WHAT THIS TASK INVOLVES → For this exercise, the lines from the one with "Photo of Kitchen in Lac Superieur Village" through the final line of the data below are to be transcribed exactly, and pictures are to be skipped.

RECORDS FOR THE EXERCISE →
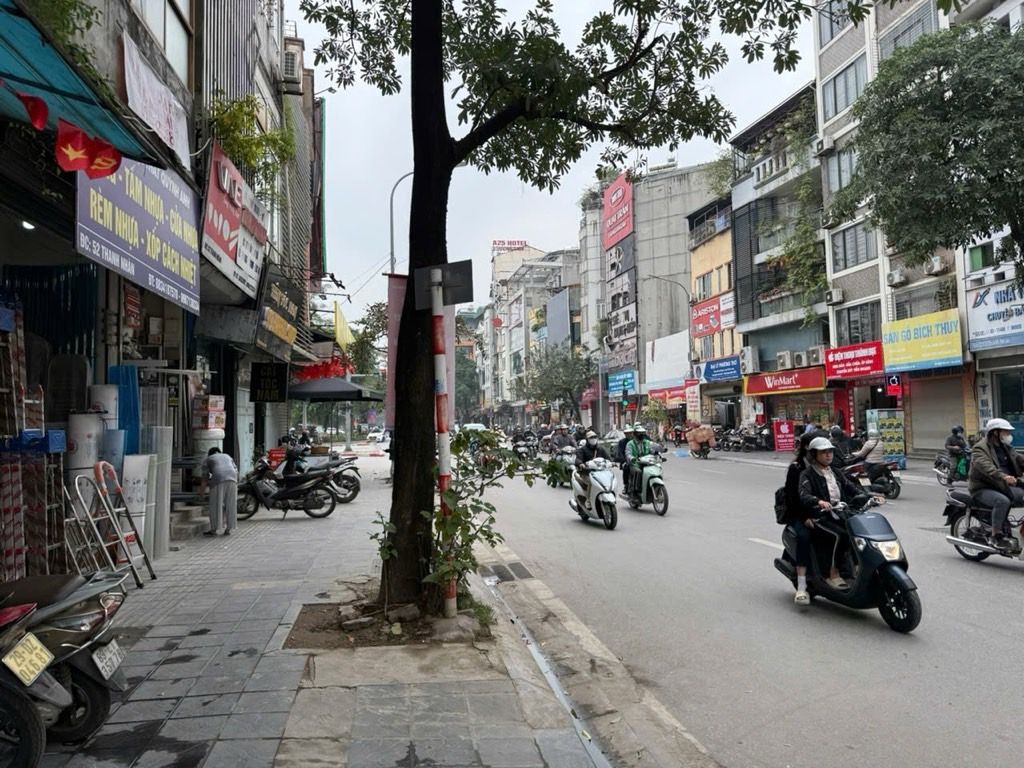 Bán nhà mặt phố Thanh Nhàn, diện tích 170m2, 5 tầng, mặt tiền 11m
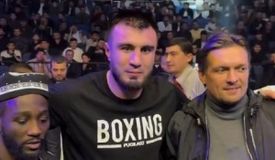 Джалолов нокаутировал «небитого» африканца и сфотографировался с Усиком и Кроуфордом: видео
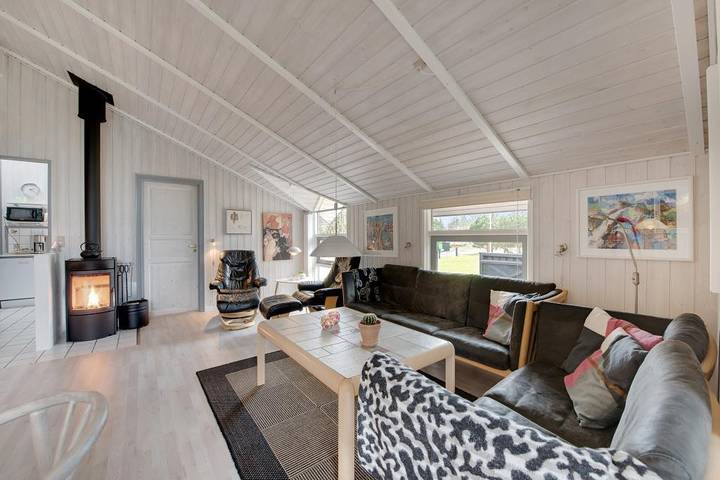 Ferienhaus mit Meerblick für 6 Personen, mit Terrasse und Balkon/Terrasse sowie Sauna, mit Haustier in Henne Strand - 2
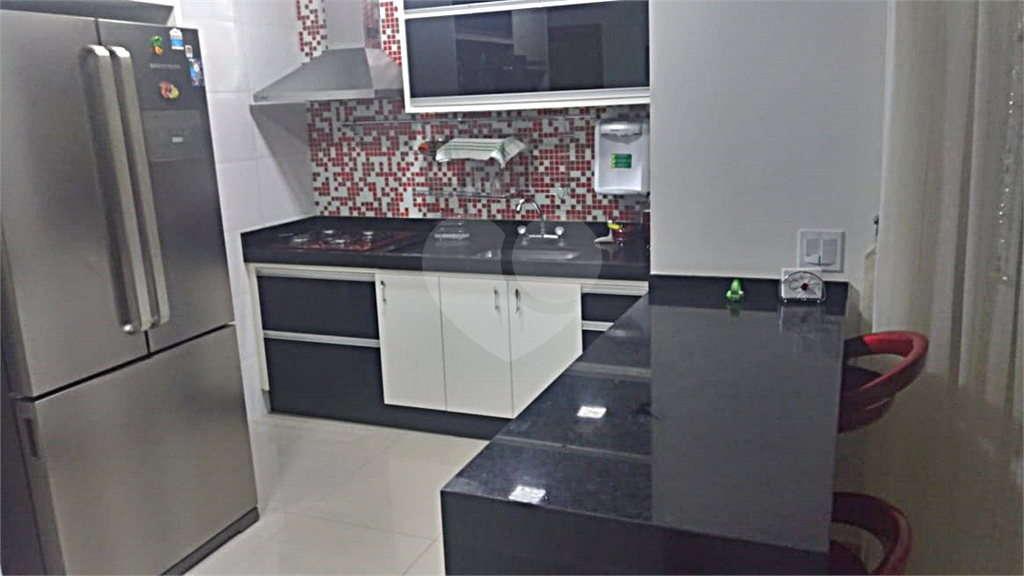 Sobrado em condomínio fechado. 130m²  8 minutos para o Metrô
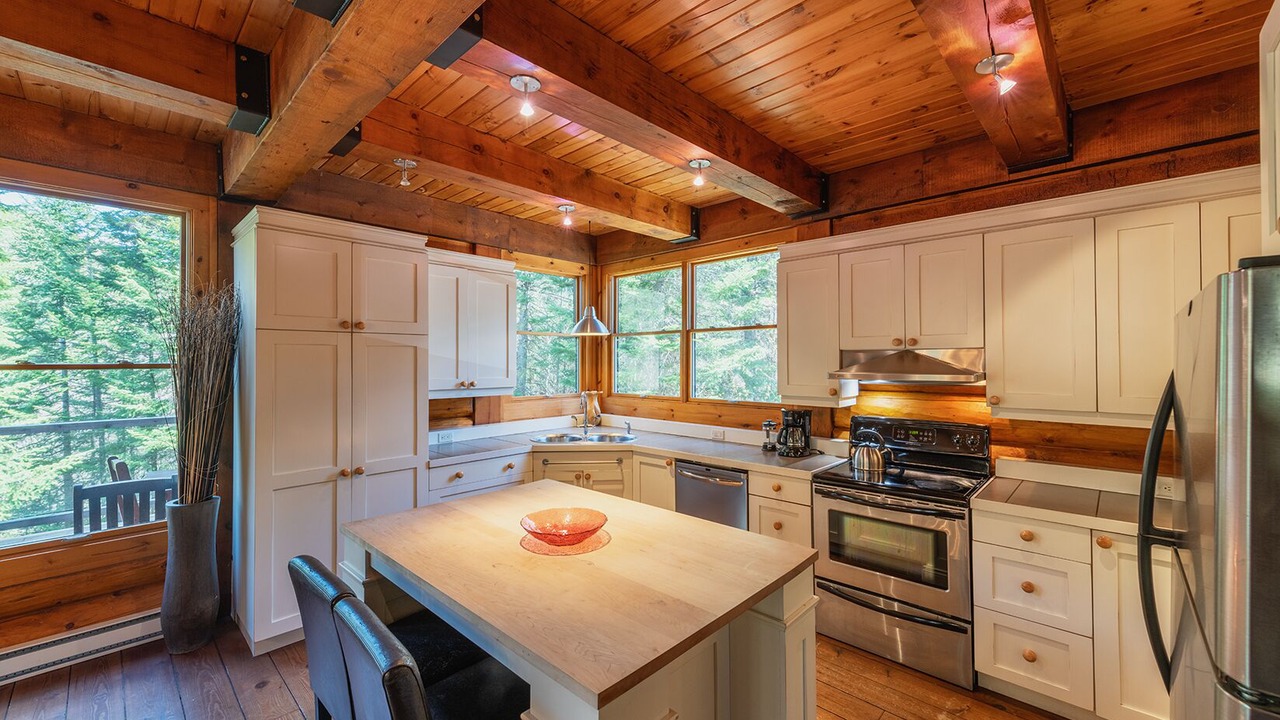 Photo of Kitchen in Lac Superieur Village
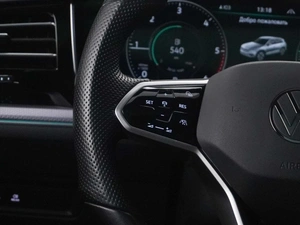 Внедорожник Volkswagen Touareg 2023 года, 8149077 рублей, Москва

THE COMPLETED TASK →
 Photo of Kitchen in Lac Superieur Village
 Внедорожник Volkswagen Touareg 2023 года, 8149077 рублей, Москва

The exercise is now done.